The party is a big, sprawling, outdoor gala, a couple hundred people, carefully selected and approved by Miranda Tayman Sparks, who has orchestrated this gala; even the special invitees of Miranda’s mother-in-law, the great dowager Dorothy Hawthorne Sparks, have to pass Miranda’s muster, although Miranda generally doesn’t sweat the small stuff when it comes to dealing with Dorothy—staying on the right side of her husband’s mother is something she learned to do years ago; even before she and Frederick were married she’d figured out the lay of the land.

The guest list is a mixed bag of money, old and new, other classes of important people, artists; most of them guests of Frederick, Laura’s father, a fine amateur photographer and watercolorist, who is to many of this set a major patron; and a smattering of influential local leaders, like Sean Redbuck, Santa Barbara County’s Third District supervisor, a Santa Ynez rancher who’s one of the family’s good friends and allies.

Few of these people (except the politicians, who have to) give a damn about the real Fiesta activities.
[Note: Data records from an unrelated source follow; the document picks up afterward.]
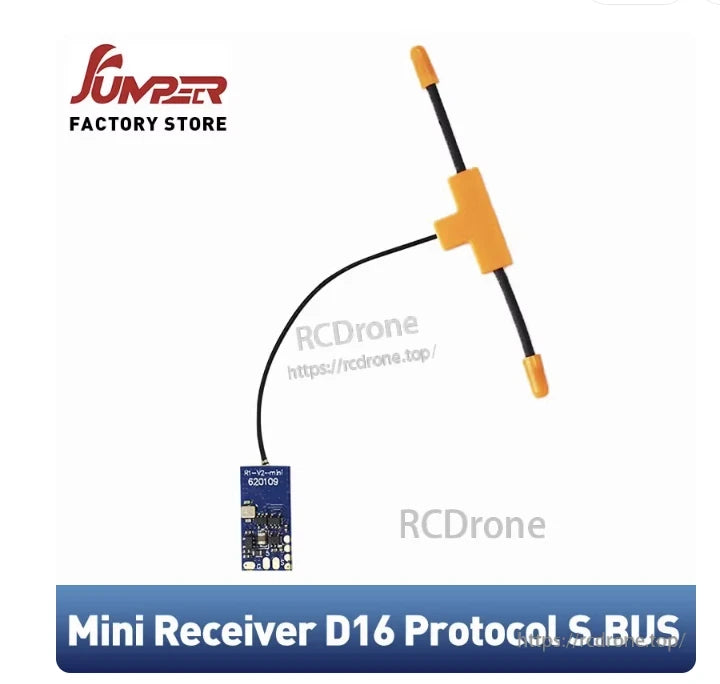 Jumper Factory Store Mini Receiver D16 with S.BUS, orange antenna, and blue circuit board.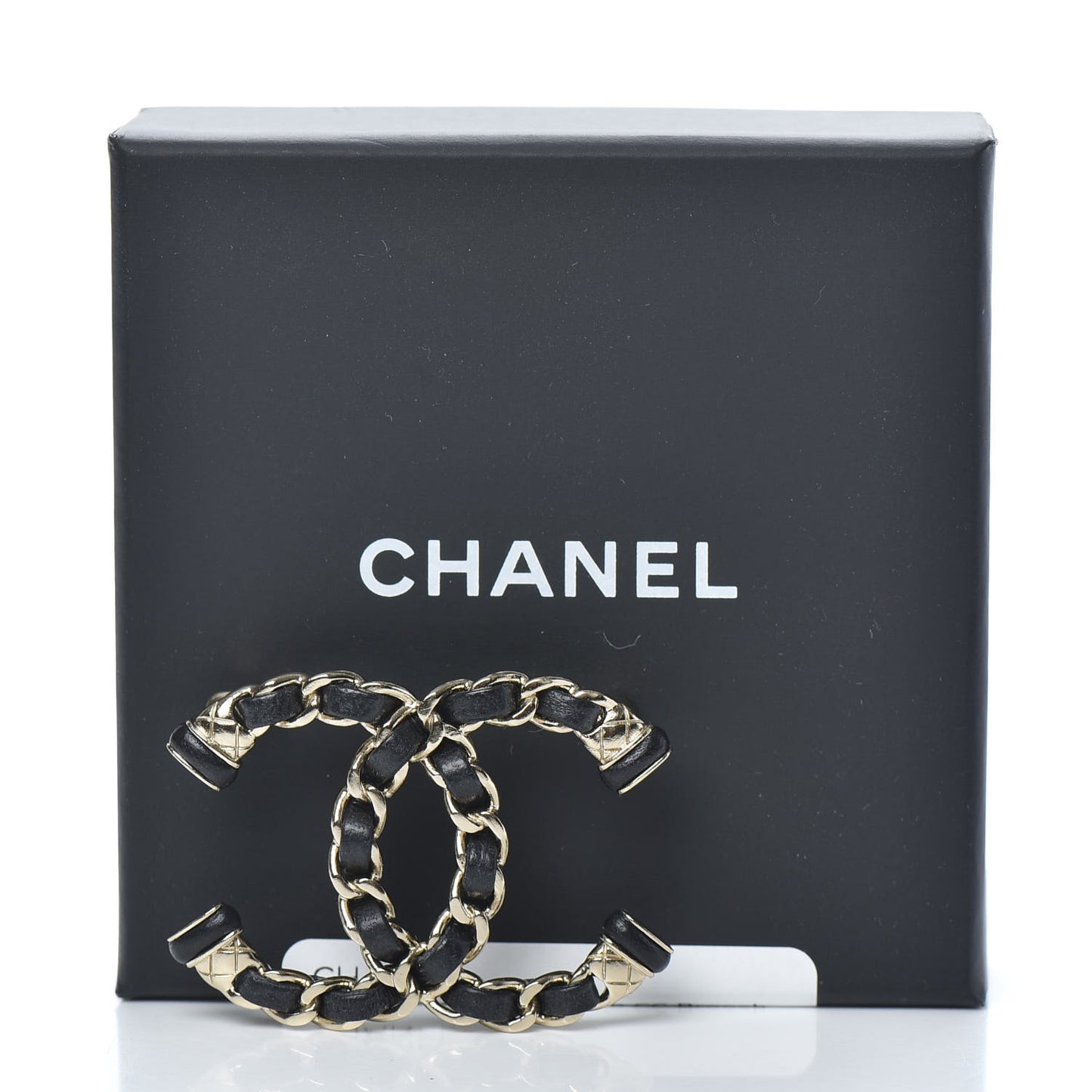 Lambskin Chain CC Brooch Black Gold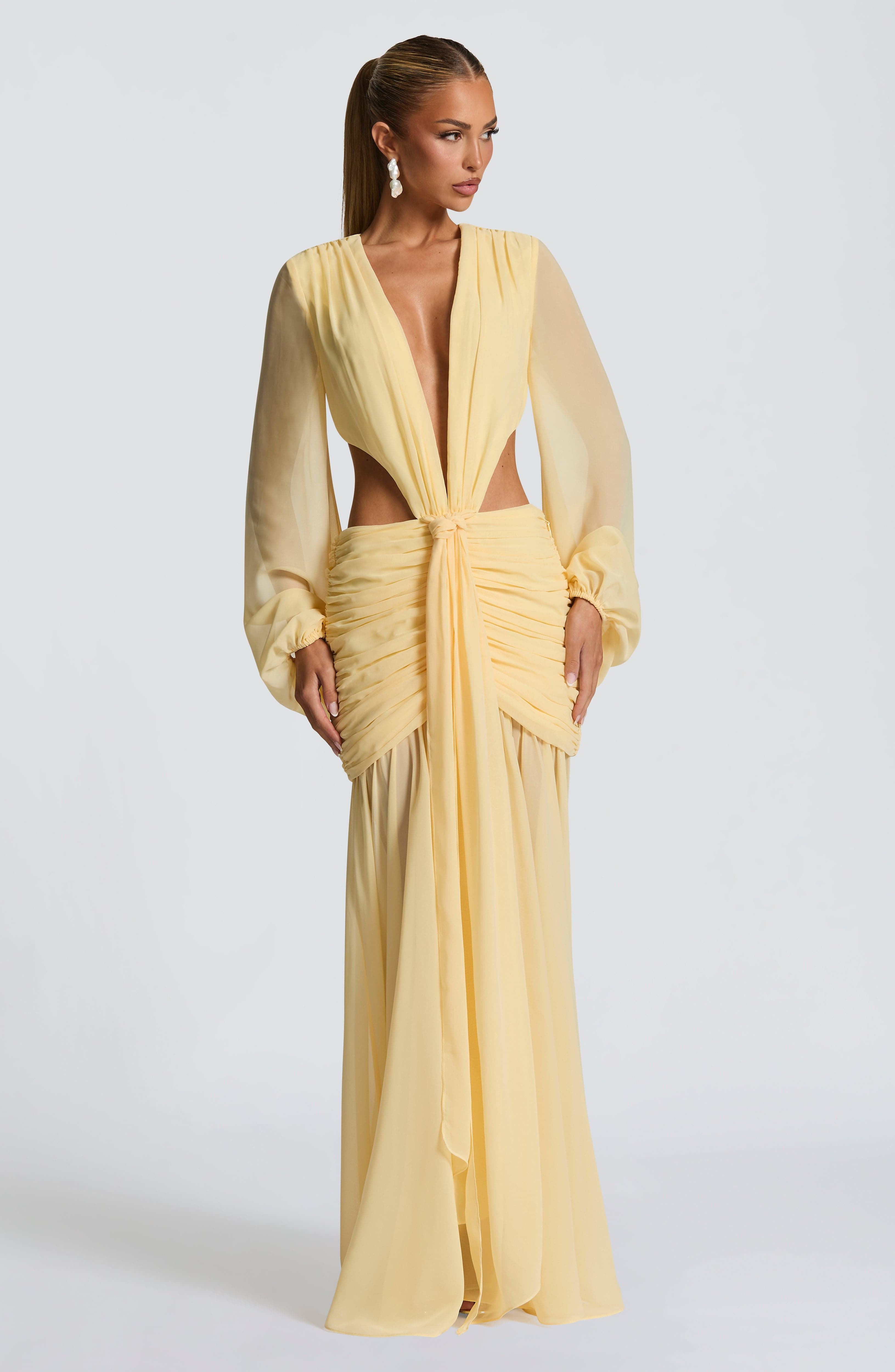 Velorage Laylanie Limon Sifon Maksi Elbise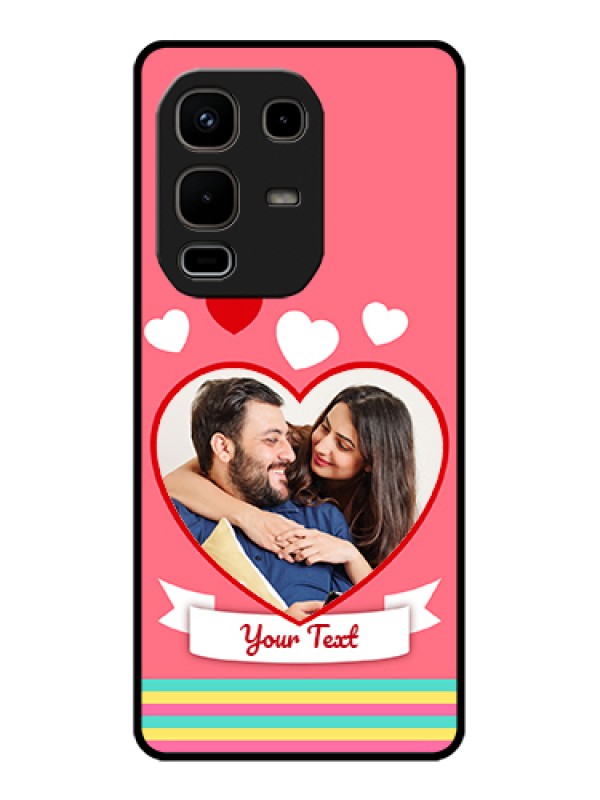 Custom Infinix Note 50s 5G Custom Glass Phone Case - Love Shapes Doodle Design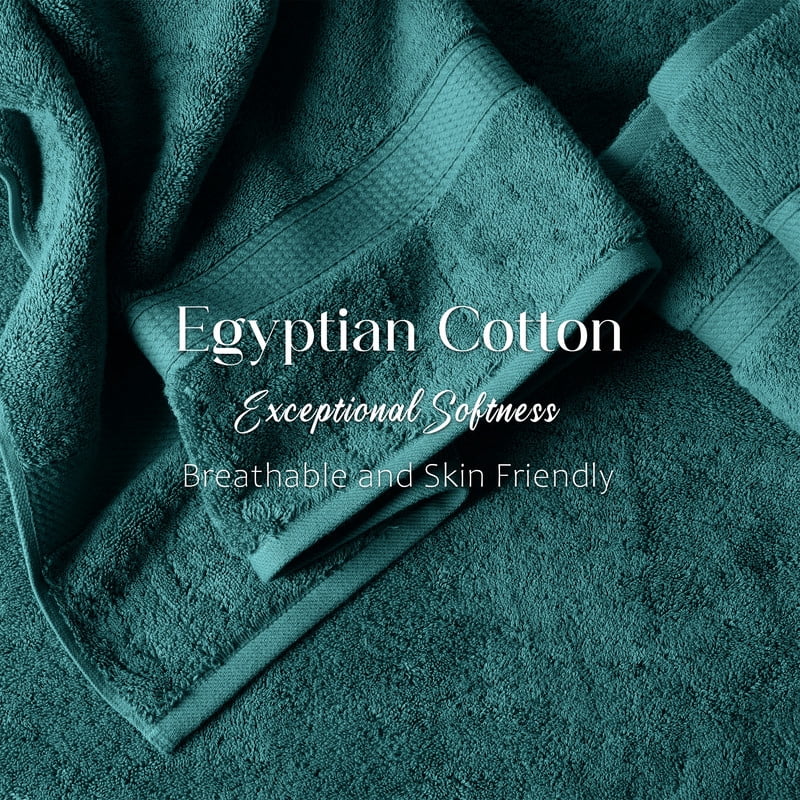 Superior 800 GSM Egyptian Cotton 8-Piece Towel Set, Soft Ultra Absorbent Towels, Purple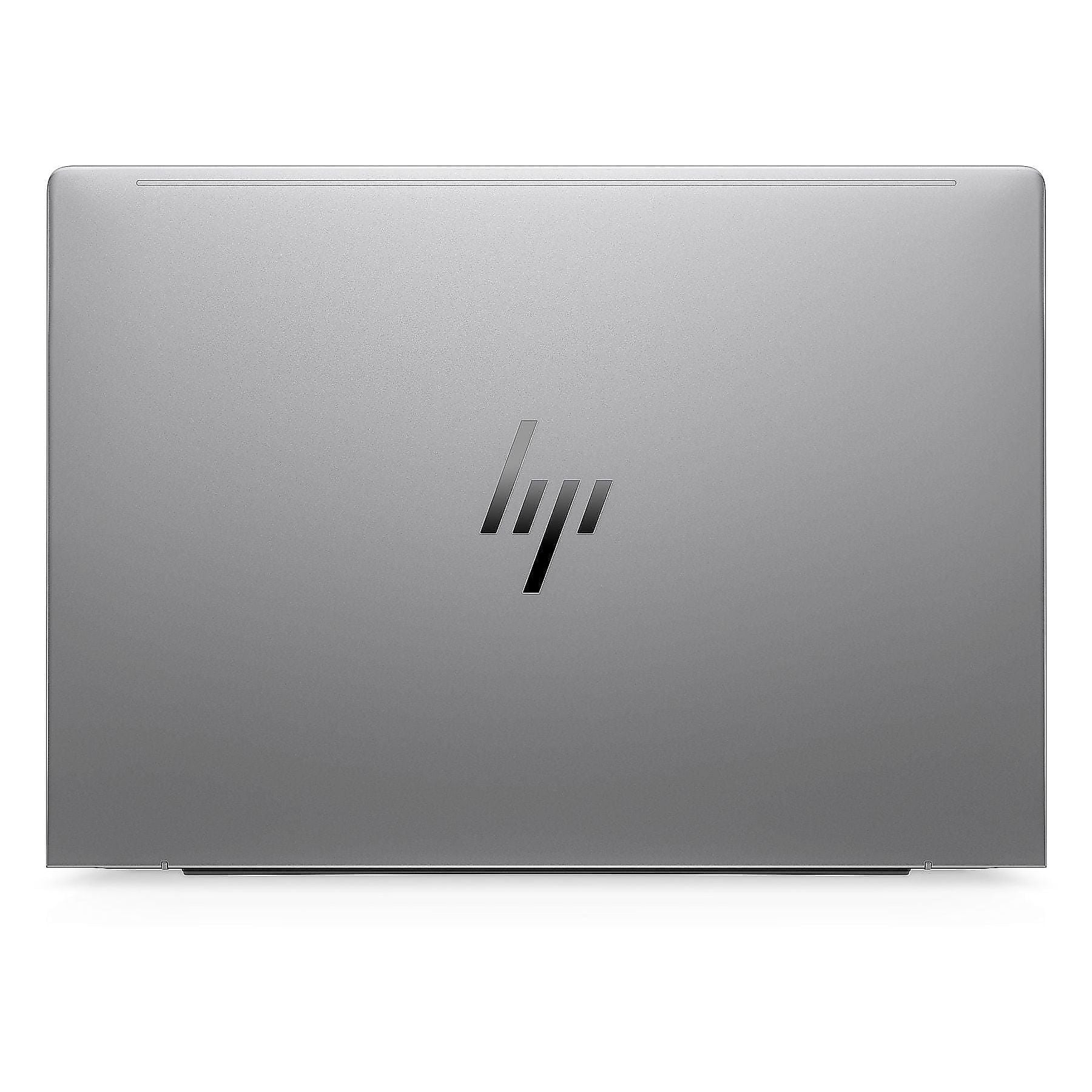 Laptop argentato chiuso con logo HP in alto.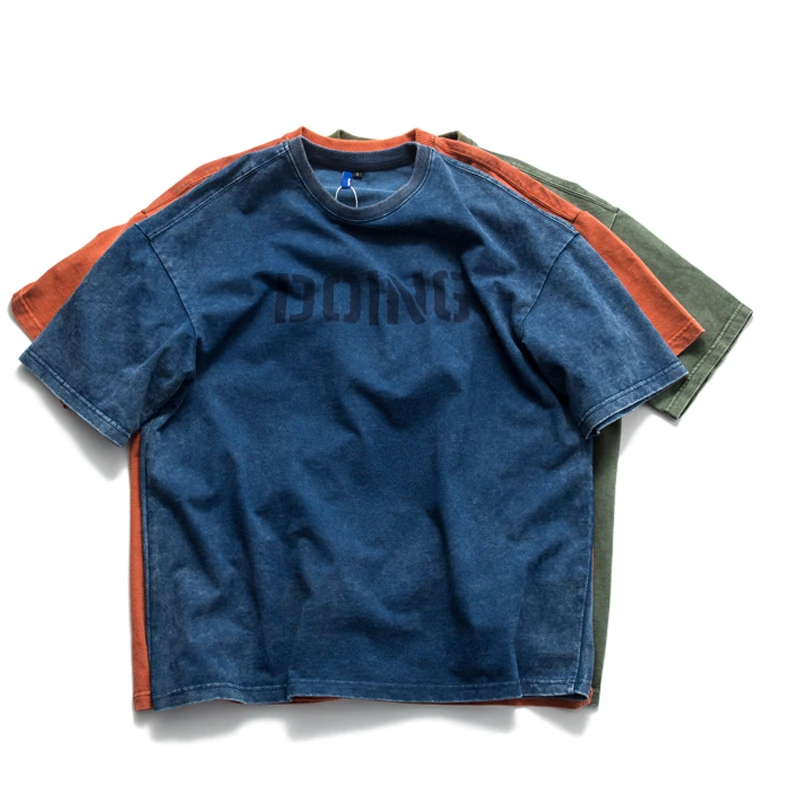 

Japanese Vintage Water Wash Old Sand Wash Round Neck Summer Loose Short Sleeve T-shirt Fashion Military Style Tees Men's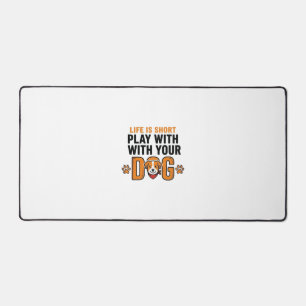 Speel Met Je Hond Grappige Vintage Gravure Ontwerp Bureaumat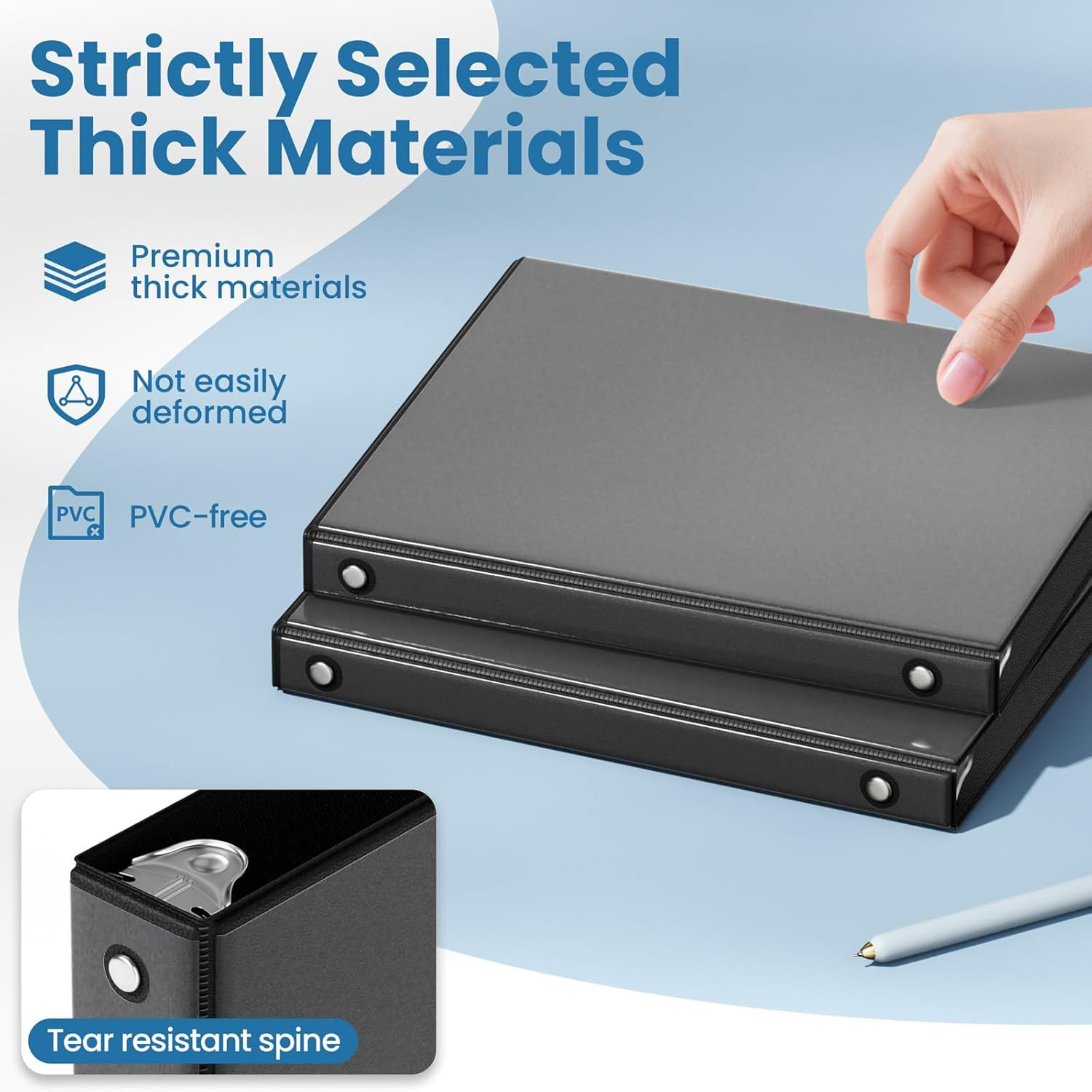 1/2 Inch Binders 3 Ring, Pvc-Free Clear View Half Inch Binders (Fits 8.5X11 Inch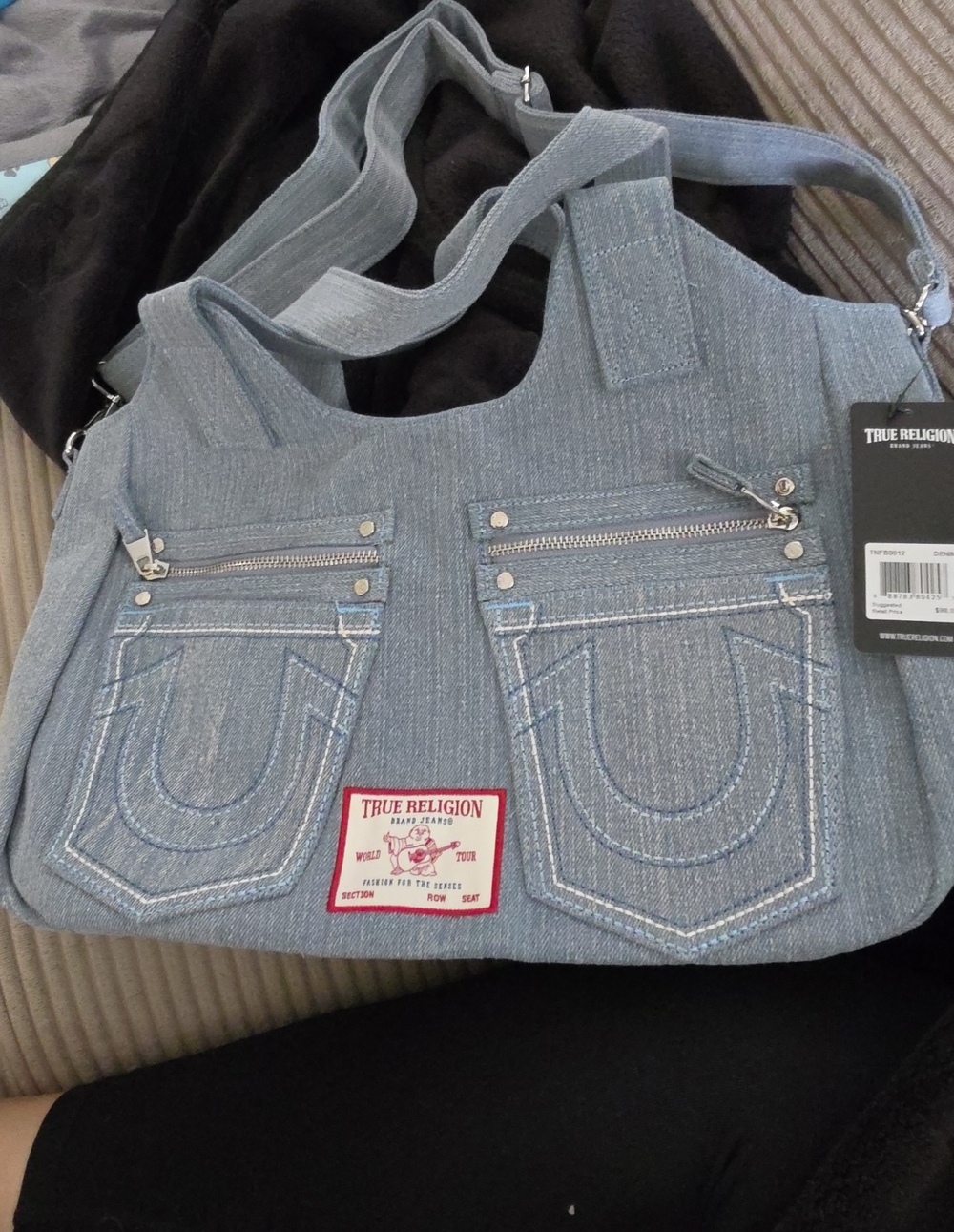 True Religion Light Denim Shoulder Tote with Front Pockets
That’s for ordinary people. They float above it all, rarely venturing down into the heart of the city during these five days.

Miranda works the crowd, playing the charming and gracious hostess. She’s dressed in a Spanish-style skirt and blouse, with her hair piled up on her head. Twelve hours ago she was fucking a lover on the front porch of her family’s Santa Ynez Valley ranch house, biting his cheek so hard she almost drew blood. Now she flits from group to group, making sure everyone is having a good time, her uninhibited laughter ringing across the property.

She spots Dorothy arriving fashionably late with some of her old friends. The old guard, she thinks with disdain, the dying breed. Miranda knows she is too down-home for her mother-in-law’s taste, too earthy. For all of Dorothy’s liberalism, her causes—homeless shelters, AIDS hospices, dozens of such do-gooder works—she’s still a Yankee WASP at heart: moderate, conservative, always self-effacing. She expects those around her to have those same qualities, and since Miranda doesn’t, never has, there’s always been tension between the two women, both powerful and headstrong.

The most important component in their relationship, as much an element of their world as nitrogen or oxygen, is the bottom-line truth that Dorothy was born rich while Miranda married it, married Dorothy’s only child, something neither of them has ever been able to get beyond, because Dorothy has always, in a million subtle (and occasionally not-so-subtle) ways, played the caste card.